Deleting duplicated rows (SOLVED)

Hi,

I have a junction table like below.

junction_id (primary key & auto increment)
person_id (foreign key from person table)
person_job_id (foreign key from job table)

The thing is, there are multiple records in this table and I want to remove them except one. For instance, person1 can have three jobs, but these should be unique job_id’s. Some of these people have been matched with the same job_id twice or multiple times.

How can I delete the duplicated ones only?

EDIT : The query below worked.

DELETE n1 FROM personxperson_category n1, personxperson_category n2 WHERE n1.joint_id < n2.joint_id AND n1.person_id = n2.person_id AND n1.person_job_id = n2.person_job_id

Now you have cleaned up, if you would like to stop getting the problem again, you could add a UNIQUE index on person_id and person_job_id.

ALTER TABLE junction ADD UNIQUE ('person_id' ,'person_job_id');
1 Like

[quote=“RT_, post:2, topic:195589, full:true”]… you could add a UNIQUE index on person_id and person_job_id.[/quote]this actually should be the primary key, and the auto_increment column should be dropped

1 Like

Assuming the rest of the database can be modified to accommodate that change.

sure, except i cannot think of any scenario where there would be a consequence

I was thinking along the lines of the possibility that a lot of various queries may be in the middle-ware. Depending on how the software is implemented, it may be too costly/risky (business wise) to alter the queries, and test the results. Using UNIQUE, while technically incorrect, could be a cheaper business option, because it doesn’t interfere with the legacy implementation as much.
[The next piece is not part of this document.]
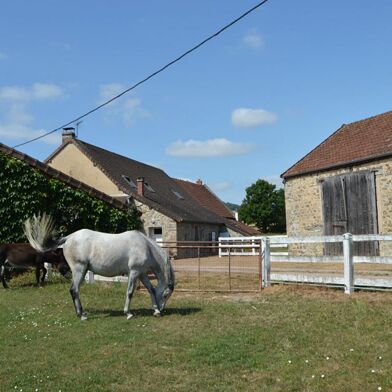 Maison 11 pièces 330000 €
i completely understand your concern

yet i still cannot imagine a query which would be affected –

such a query would have to directly reference the auto_increment column –

why would you need to do that? how is the id value of any use when it’s the person/job foreign keys that hold 100% of the relationship information?
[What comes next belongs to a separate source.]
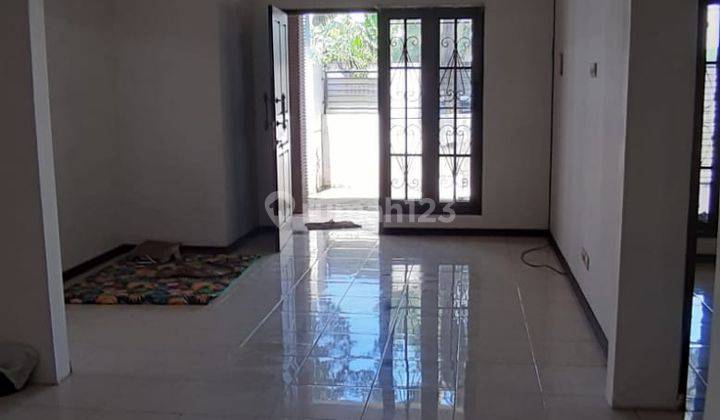 Dijual Rumah 2 Lantai di Puri Surya Jaya , Sidoarjo 2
I don’t think you would need to do that. And if the auto increment column isn’t used then getting rid of it would definitely be the best move.
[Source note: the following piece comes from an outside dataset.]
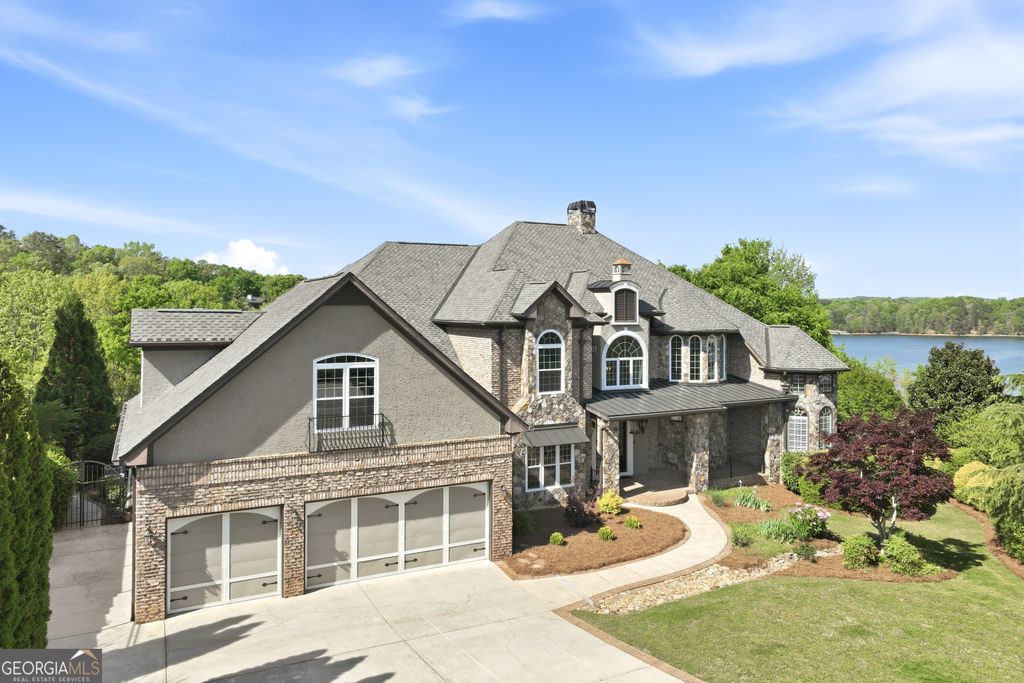 Photo of 1969 River View Drive, Gainesville, GA 30501 (MLS # 10735492)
But, it is very common for people to come up with unexpected ways of doing things. It could be possible that the id is referenced as a FK by a table that holds information about the relationship between the person and job for instance. Then there could be a series of queries that join that table to other results. Or there might be a query that (for some reason) orders by id. I’ve seen a lot of funny ways people have implemented things.

True enough. I guess to be safe instead of Deleting the column it could be renamed, and then unit tests run,
Problems found - rename back
No problems - delete to improve efficiency

This topic was automatically closed 91 days after the last reply. New replies are no longer allowed.